EXERCISE PROMPT: Nothing but the lines from the one with "Printed Pull On" through the end of the material should be retyped, word for word and without pictures.

PROVIDED MATERIAL Block Start

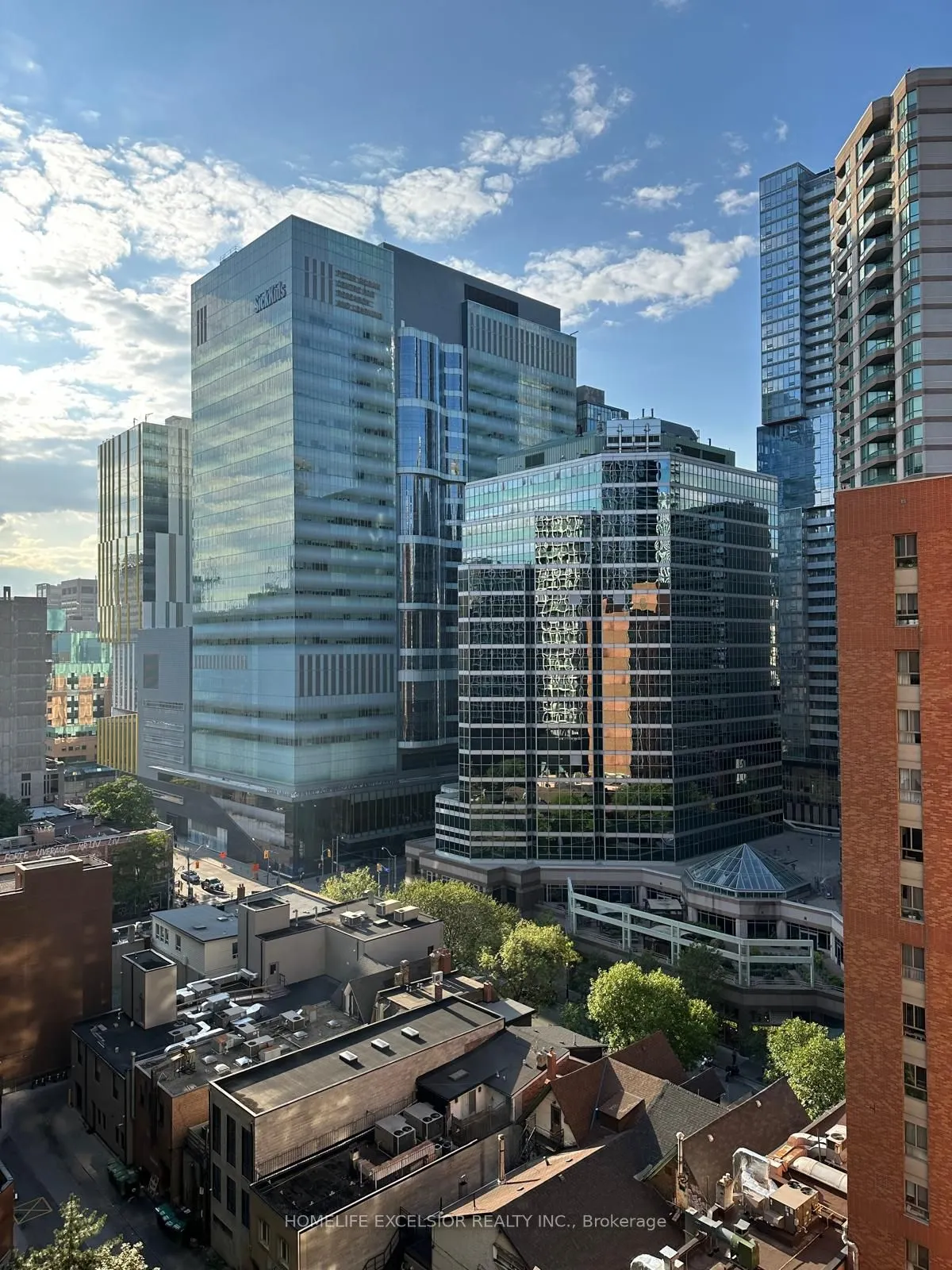 20 Edward Street, #1112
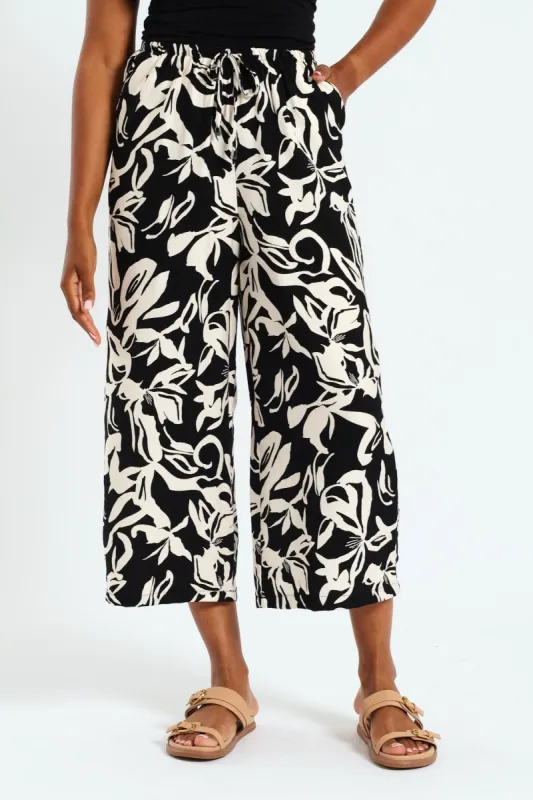 Printed Pull On Linen Capri Pants - Black/Beige sold by Edgars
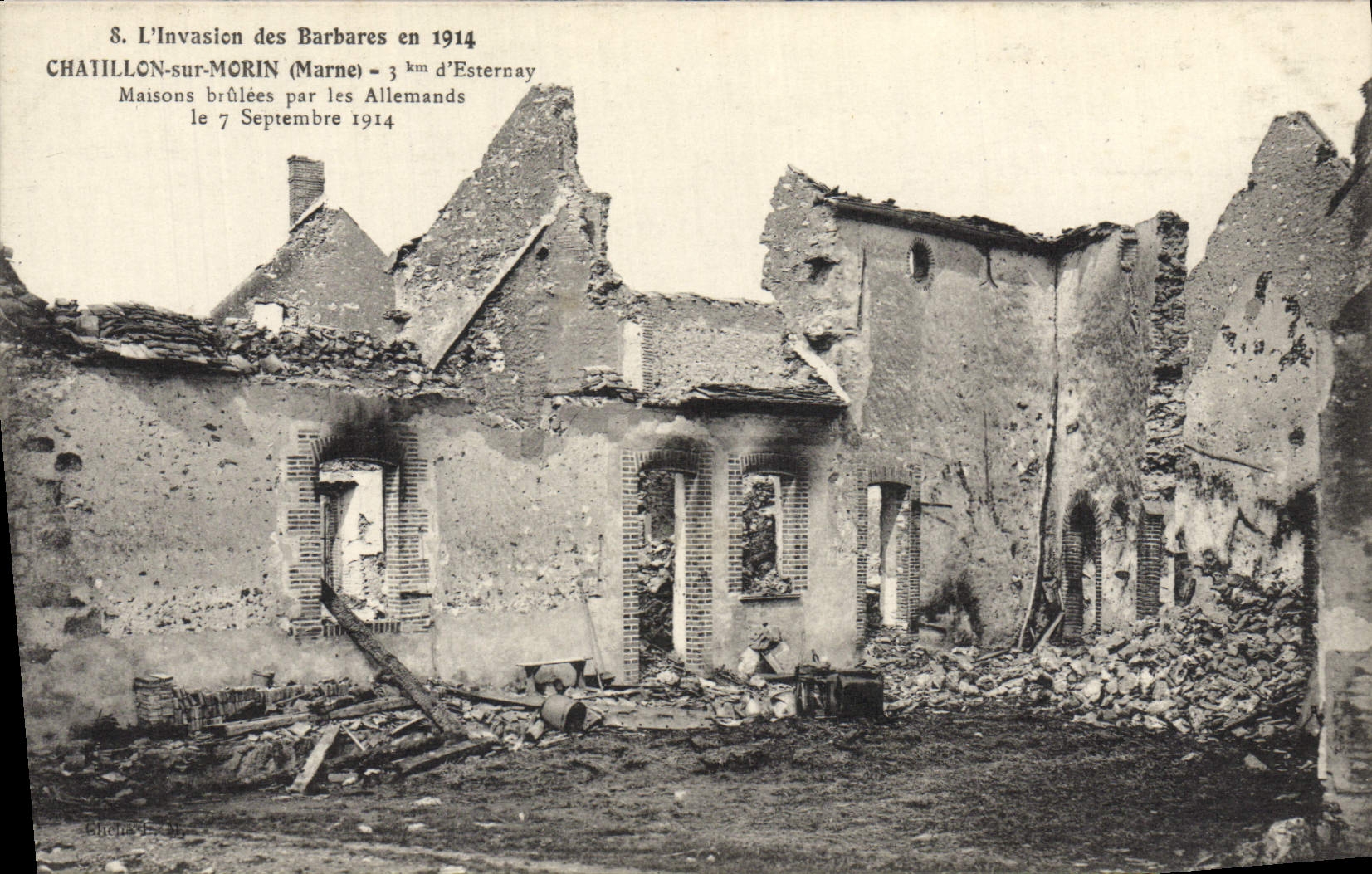 CPA Chatillon Sur Morin Maisons Brulees Militaria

PROVIDED MATERIAL Block End

TASK RESPONSE:
 Printed Pull On Linen Capri Pants - Black/Beige sold by Edgars
 CPA Chatillon Sur Morin Maisons Brulees Militaria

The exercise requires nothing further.